→ **Problem to solve**: In the data below, retype exactly the line that contains "this 87×130 image." and every line after it, through the last.

============

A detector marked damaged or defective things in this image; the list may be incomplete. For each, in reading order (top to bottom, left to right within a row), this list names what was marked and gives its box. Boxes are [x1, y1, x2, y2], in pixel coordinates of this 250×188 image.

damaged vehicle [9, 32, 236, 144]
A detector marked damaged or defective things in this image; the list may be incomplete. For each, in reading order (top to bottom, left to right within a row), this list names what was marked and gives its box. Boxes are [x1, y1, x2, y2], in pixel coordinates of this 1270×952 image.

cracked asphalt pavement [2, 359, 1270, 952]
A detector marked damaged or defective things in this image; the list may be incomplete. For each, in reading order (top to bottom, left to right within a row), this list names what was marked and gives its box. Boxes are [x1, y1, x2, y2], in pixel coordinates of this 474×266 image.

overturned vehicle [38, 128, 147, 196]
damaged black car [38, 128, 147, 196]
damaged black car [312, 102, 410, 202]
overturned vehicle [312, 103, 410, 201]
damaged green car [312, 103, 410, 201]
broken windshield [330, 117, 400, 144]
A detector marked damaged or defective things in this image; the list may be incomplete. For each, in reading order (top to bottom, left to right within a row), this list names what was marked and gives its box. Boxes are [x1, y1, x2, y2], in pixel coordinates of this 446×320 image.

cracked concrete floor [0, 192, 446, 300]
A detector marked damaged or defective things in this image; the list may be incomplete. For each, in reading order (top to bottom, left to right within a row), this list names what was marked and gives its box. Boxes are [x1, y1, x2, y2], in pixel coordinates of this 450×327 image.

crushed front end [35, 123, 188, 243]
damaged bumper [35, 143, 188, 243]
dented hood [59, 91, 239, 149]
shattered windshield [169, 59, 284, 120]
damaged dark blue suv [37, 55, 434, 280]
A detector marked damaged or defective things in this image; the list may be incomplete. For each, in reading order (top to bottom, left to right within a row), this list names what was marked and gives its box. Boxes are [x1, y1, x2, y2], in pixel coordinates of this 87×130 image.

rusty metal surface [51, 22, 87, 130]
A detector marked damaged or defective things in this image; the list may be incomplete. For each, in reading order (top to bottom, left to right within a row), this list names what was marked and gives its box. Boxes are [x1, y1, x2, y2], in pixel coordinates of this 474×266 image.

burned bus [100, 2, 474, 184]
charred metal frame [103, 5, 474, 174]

============

→ **Task output**:
A detector marked damaged or defective things in this image; the list may be incomplete. For each, in reading order (top to bottom, left to right within a row), this list names what was marked and gives its box. Boxes are [x1, y1, x2, y2], in pixel coordinates of this 87×130 image.

rusty metal surface [51, 22, 87, 130]
A detector marked damaged or defective things in this image; the list may be incomplete. For each, in reading order (top to bottom, left to right within a row), this list names what was marked and gives its box. Boxes are [x1, y1, x2, y2], in pixel coordinates of this 474×266 image.

burned bus [100, 2, 474, 184]
charred metal frame [103, 5, 474, 174]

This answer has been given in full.